I’ve been wondering about something: Why is it that images from the past — the actual past — often feel more futuristic than our current images of an imagined future? The latter, even when they’re created with great seriousness, always have a certain kitschy quality, and the kitschiness becomes more pronounced as time passes. It’s the Tomorrowland effect. George Lucas understood that pretty well, I think; he let Star Wars revel in kitschiness rather than trying to avoid the inevitable decay into kitschiness. Fight fire with fire. Hence the film feels less dated, visually, than a lot of the more “futuristic” films about the future.
But if the future doesn’t look much like the future, the past often does. There are pictures from the past that, while you immediately recognize them as being from the past, nevertheless feel futuristic. It’s as though there’s something in your brain that wants to read them as images from the future. Here, for instance, is a picture of Enrico Fermi sitting in a control room in 1951:
Tell me you don’t experience a little cognitive dissonance while looking at that. Even the clock — drab, utilitarian, old — feels futuristic. Why?

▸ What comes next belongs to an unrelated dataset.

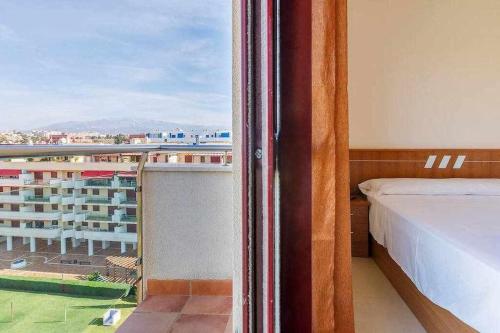 托雷德尔马尔A&N La Vega 3的一间卧室设有一张床,享有阳台的景色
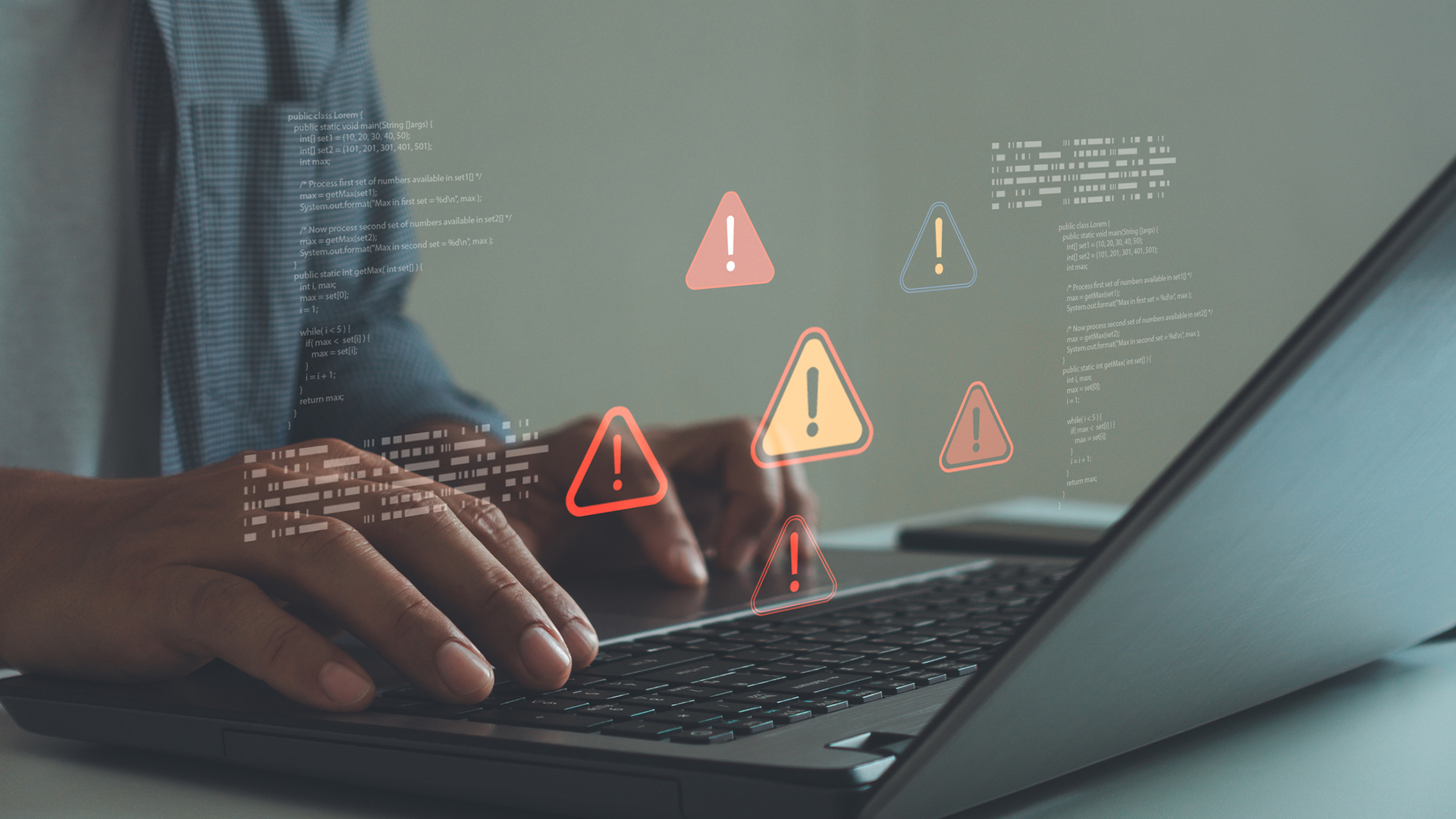 A person types on a laptop keyboard. Above the keyboard, various warning signs hover in a depiction of cybersecurity threats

You might think I’m stacking the deck, using a picture of an old control room. Everyone knows that old control rooms are just plain cooler than new control rooms. But I don’t think it’s just control rooms. Here’s a photo of a Fort Worth gas station celebrating its grand opening in 1964. Everything about it, not least the prices, screams “Fort Worth 1964.” (In 1964, I was five years old and I lived very near Fort Worth; it’s entirely possible I visited that gas station.) And yet there’s also an odd air of the future about it. If you needed to fill up your tank in 2064, wouldn’t this be the place you’d pull into:
If Lucas went the kitsch route from the start, Jean Luc Godard, in his 1965 movie Alphaville, took the opposite, and I think more interesting, route. He didn’t use futuristic sets at all. He just went out and filmed a science fiction movie in the Paris of the (then) present. He knew, I suspect, that by the time the film was released, the present would already be the past and hence would already have started to take on a futuristic patina — a patina that would actually grow stronger as time passed. And it worked:
Surely, that’s an image from the future.
I draw no conclusions from any of this. I’m just making an observation: the future looks more like the past than the future.
This video makes the same point, kind of. Anyway, I like the song.
“No one has lived in the past and no one will live in the future.” That is the absolute truth.
Movie stills from Alphaville; Fermi photo from Chuckman; gas station photo from Craig Howell; fan video for song “Yellow Wife No. 5” from the Airport 5 album Life Starts Here.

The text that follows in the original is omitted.